About this task: Drop the images, then output the listing exactly.

Supplied records:
+-------+

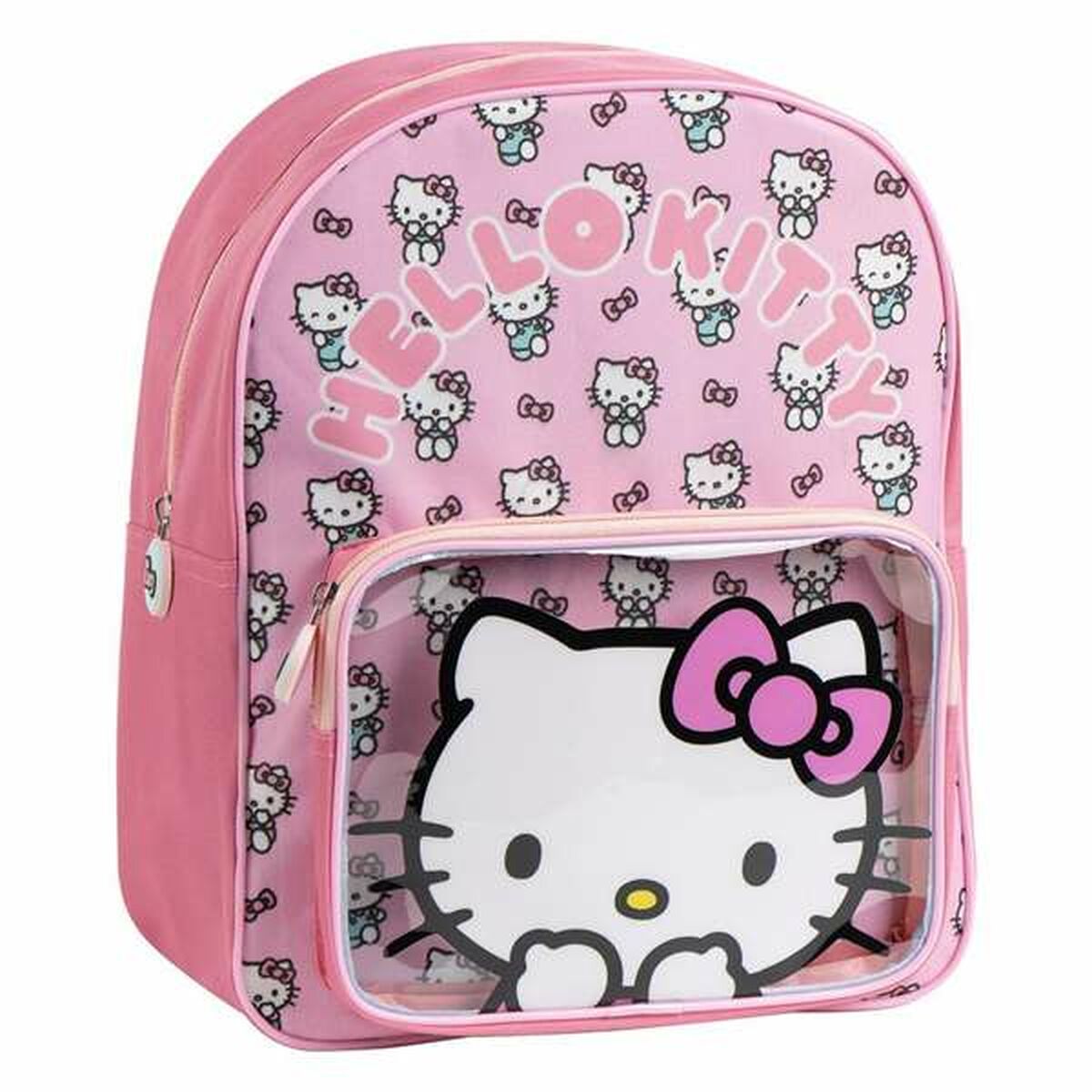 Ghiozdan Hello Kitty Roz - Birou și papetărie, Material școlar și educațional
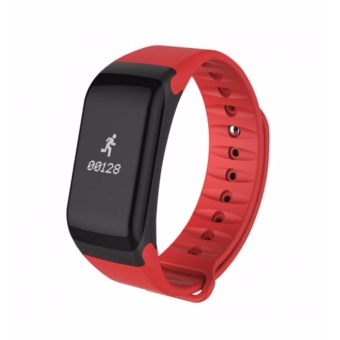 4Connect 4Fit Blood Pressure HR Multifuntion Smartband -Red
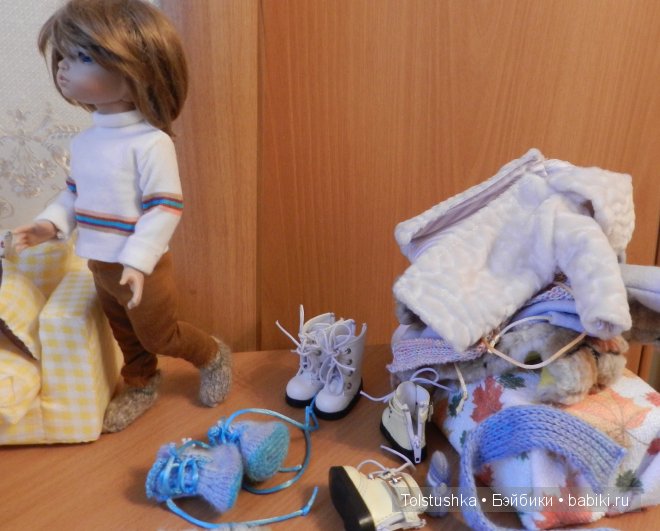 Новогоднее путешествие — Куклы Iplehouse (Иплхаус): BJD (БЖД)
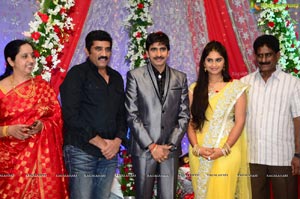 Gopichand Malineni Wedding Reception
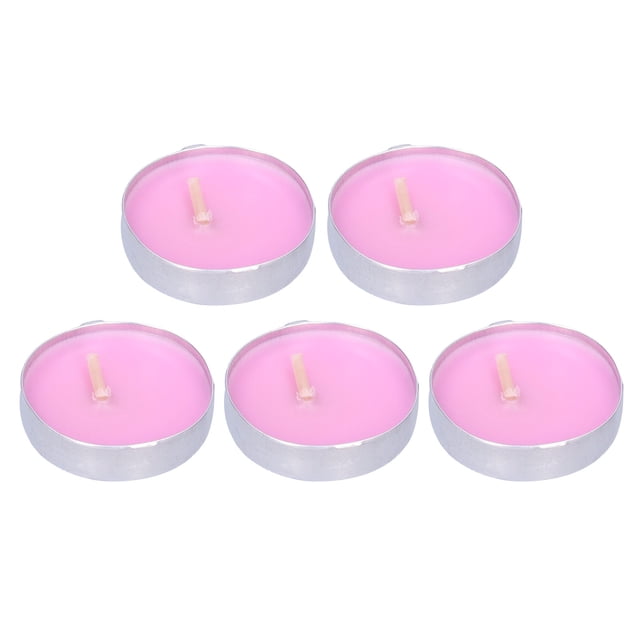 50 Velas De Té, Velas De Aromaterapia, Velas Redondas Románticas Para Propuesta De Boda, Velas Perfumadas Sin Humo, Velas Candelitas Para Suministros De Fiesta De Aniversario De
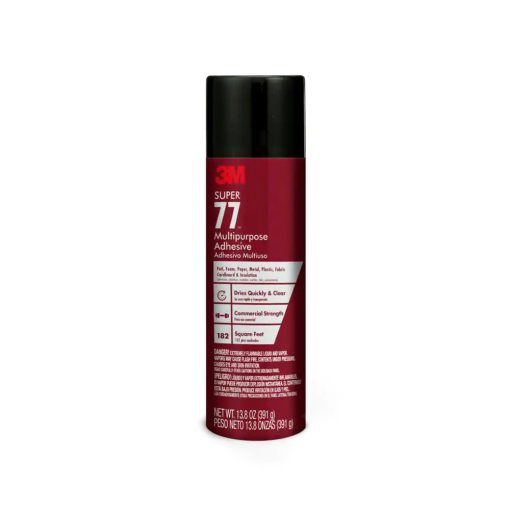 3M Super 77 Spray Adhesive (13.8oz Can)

+-------+

Written response:
 Ghiozdan Hello Kitty Roz - Birou și papetărie, Material școlar și educațional
 4Connect 4Fit Blood Pressure HR Multifuntion Smartband -Red
 Новогоднее путешествие — Куклы Iplehouse (Иплхаус): BJD (БЖД)
 Gopichand Malineni Wedding Reception
 50 Velas De Té, Velas De Aromaterapia, Velas Redondas Románticas Para Propuesta De Boda, Velas Perfumadas Sin Humo, Velas Candelitas Para Suministros De Fiesta De Aniversario De
 3M Super 77 Spray Adhesive (13.8oz Can)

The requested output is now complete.